Prima regola di internet: se qualcosa viene pubblicato, è possibile crearci sopra una polemica. O almeno, utilizzarlo per scopi diversi da quelli previsti. E soprattutto quando si creano sistemi che non prevedono un controllo umano, le conseguenze possono essere...particolari. Lo hanno imparato a loro spese l'Arsenal e l'Adidas, che hanno dovuto fronteggiare un problema non di poco conto. La campagna social per lanciare la nuova maglia dei Gunners è stata utilizzata da alcuni utenti per lanciare messaggi antisemiti. E adesso, da quanto riporta il Sun, Twitter sta indagando su chi ha trasformato la funzione interattiva in una macchina per creare insulti.

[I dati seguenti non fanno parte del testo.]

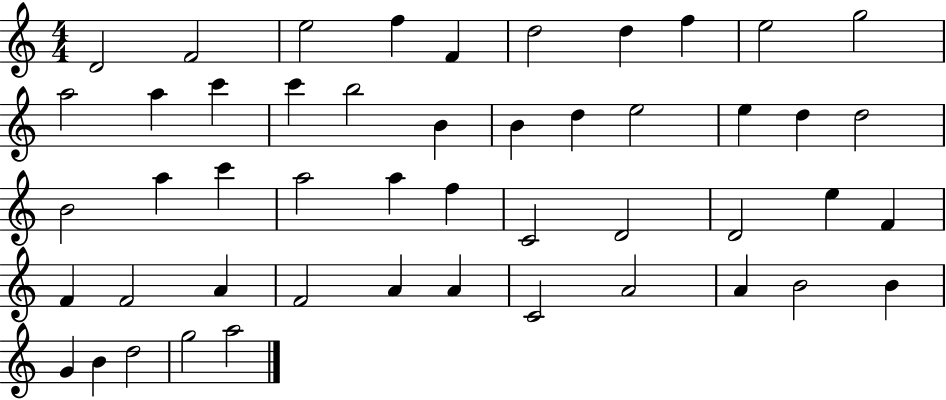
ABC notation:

NESSUN CONTROLLO - L'idea era semplice e apprezzata dai fan. I tifosi dell'Arsenal potevano chiedere che il loro nickname di Twitter finisse dietro il disegno di una maglia dei Gunners. Fin qui tutto bene, se non fosse che il sistema era automatizzato e quindi privo di un qualsiasi controllo. Di conseguenza chiunque poteva inserire un nickname anche falso come "Innocent Hitler" e ottenere il proprio obiettivo. E quindi hanno cominciato a circolare immagini della campagna pubblicitaria con maglie con su scritto "Morte ai neri", oppure "gasate tutti gli ebrei". Non sono mancati, come riporta il tabloid, anche riferimenti alla tragedia di Hillsborough o a casi scottanti come quelli di Maddie McCann.

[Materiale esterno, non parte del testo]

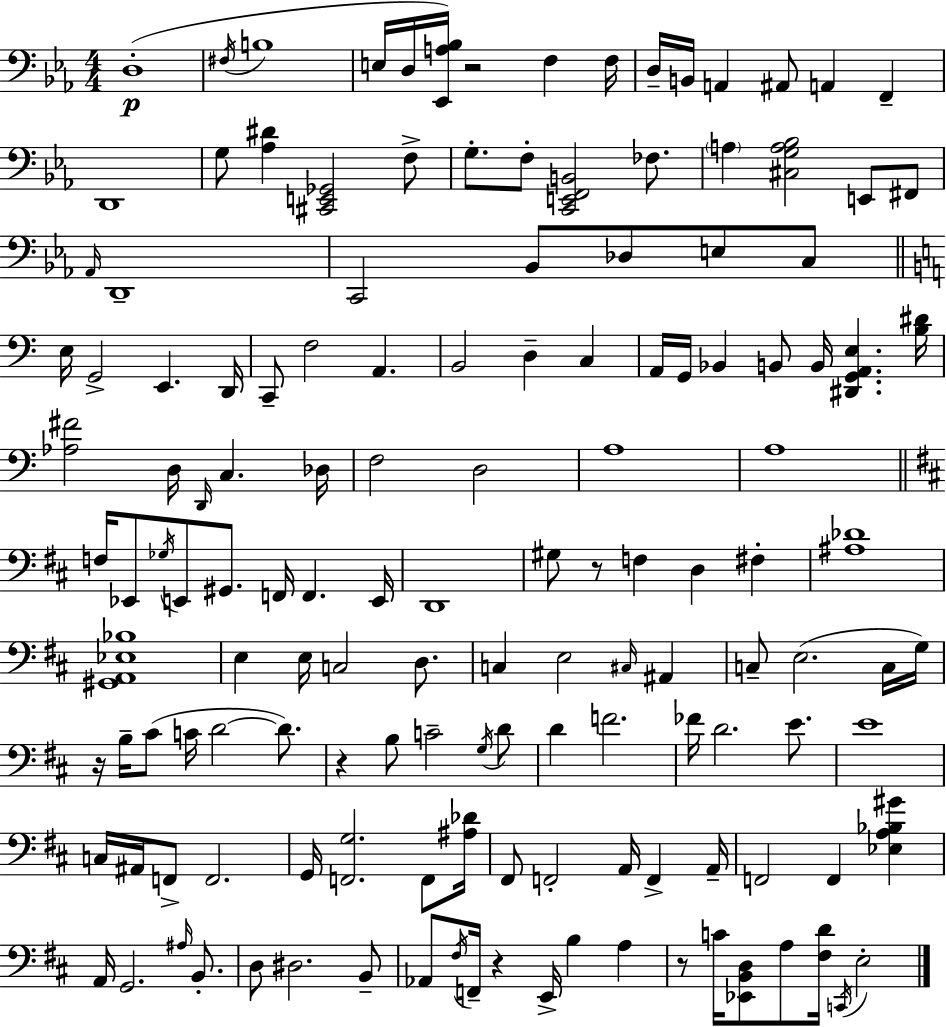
{
  \clef bass
  \numericTimeSignature
  \time 4/4
  \key ees \major
  \repeat volta 2 { d1-.(\p | \acciaccatura { fis16 } b1 | e16 d16 <ees, a bes>16) r2 f4 | f16 d16-- b,16 a,4 ais,8 a,4 f,4-- | \break d,1 | g8 <aes dis'>4 <cis, e, ges,>2 f8-> | g8.-. f8-. <c, e, f, b,>2 fes8. | \parenthesize a4 <cis g a bes>2 e,8 fis,8 | \break \grace { aes,16 } d,1-- | c,2 bes,8 des8 e8 | c8 \bar "||" \break \key c \major e16 g,2-> e,4. d,16 | c,8-- f2 a,4. | b,2 d4-- c4 | a,16 g,16 bes,4 b,8 b,16 <dis, g, a, e>4. <b dis'>16 | \break <aes fis'>2 d16 \grace { d,16 } c4. | des16 f2 d2 | a1 | a1 | \break \bar "||" \break \key d \major f16 ees,8 \acciaccatura { ges16 } e,8 gis,8. f,16 f,4. | e,16 d,1 | gis8 r8 f4 d4 fis4-. | <ais des'>1 | \break <gis, a, ees bes>1 | e4 e16 c2 d8. | c4 e2 \grace { cis16 } ais,4 | c8-- e2.( | \break c16 g16) r16 b16-- cis'8( c'16 d'2~~ d'8.) | r4 b8 c'2-- | \acciaccatura { g16 } d'8 d'4 f'2. | fes'16 d'2. | \break e'8. e'1 | c16 ais,16 f,8-> f,2. | g,16 <f, g>2. | f,8 <ais des'>16 fis,8 f,2-. a,16 f,4-> | \break a,16-- f,2 f,4 <ees a bes gis'>4 | a,16 g,2. | \grace { ais16 } b,8.-. d8 dis2. | b,8-- aes,8 \acciaccatura { fis16 } f,16-- r4 e,16-> b4 | \break a4 r8 c'16 <ees, b, d>8 a8 <fis d'>16 \acciaccatura { c,16 } e2-. | } \bar "|."
}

I COMUNICATI - Naturalmente, non appena l'Adidas si è accorta di come la campagna veniva sfruttata online, la funzione è stata prontamente rimossa, come spiegato da un portavoce dell'azienda all'Huffington Post. "Ci hanno fatto notare che la meccanica che abbiamo creato per la nostra partnership con l'Arsenal per avere il nome sulla nuova maglia è stata utilizzata in maniera negativa. A causa di una piccola minoranza di utenti che ha creato versioni offensive della maglia, abbiamo immediatamente disattivato la funzionalità. Ora il team di Twitter farà le sue investigazioni". E anche l'Arsenal ha detto la sua: "Condanniamo assolutamente un linguaggio del genere, che non ha posto nel nostro sport e nella nostra società". Ma per colpa di qualcuno, ora il gioco è finito per tutti.